Suddenly, it’s like one of those scenes where a cowboy walks into a bar and the piano player jerks to a stop and everyone looks over at the door in sudden silence. All these guys notice us and everyone’s holding swords and staffs and staring at us. We’re holding cans of beer and feel a wee bit exposed. I manage to stammer in Cantonese, “Hi. We’re from the eighth floor. We’re inventors.”
This breaks the ice a bit, and they go on sparring and practicing (as we find out) kung fu with one another. They’re Luo Hun Kung Fu practitioners, which I happen to have heard of only because the Luo Hun fighting monks are vegetarian, and it’s the only friggin vegetarian dish that you can order in any hong kong restaurant without a long negotiation, so we get to talking about food and fighting and one of the guys runs around us shadowboxing and thrusting his fists millimeters from our noses while shouting fiercely and we generally have ourselves a good old time.
And it’s the thing that I’m tasting about Hong Kong.

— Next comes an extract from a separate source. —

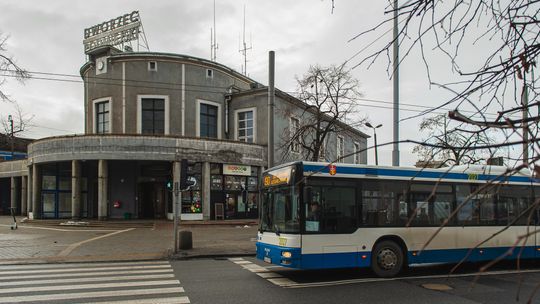 trolejbus, w tle dworzec PKP Gdynia Główna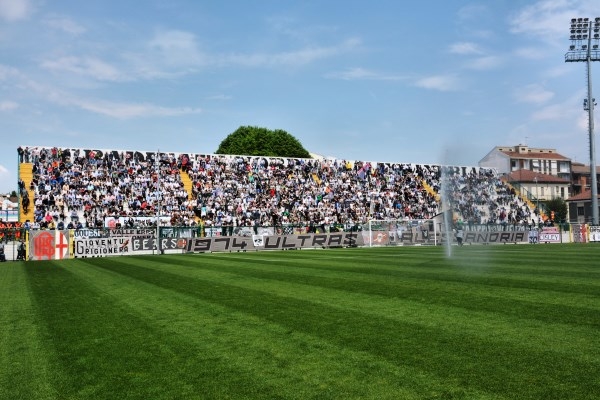 Alessandria: la stagione del tifo non è finita. Supporters al Mocca per sostenere Berretti e Allievi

At the street level, everything is dominated by money and commerce, and the life retreats up into the skyscrapers and rooftops and backrooms where it’s hidden from view, and walking around the city, you’d swear that everything is about money and speed, because that’s all you see, but every now and then, when you least expect it, you catch a glimpse of something very human and deep-rooted in the city, that extends beyond the overwhelming glut of capitalism that’s barfing all over everything, and it’s that glimpse that gives me hope and makes me feel o.k. about Hong Kong. The more time I spend in the Industrial Center, the more glimpses I get of life tucked away into small corners, and the more I like it.

that’s what i’ve been telling you, if you speak with them in their language, you will find another world of HK. that’s why i love it.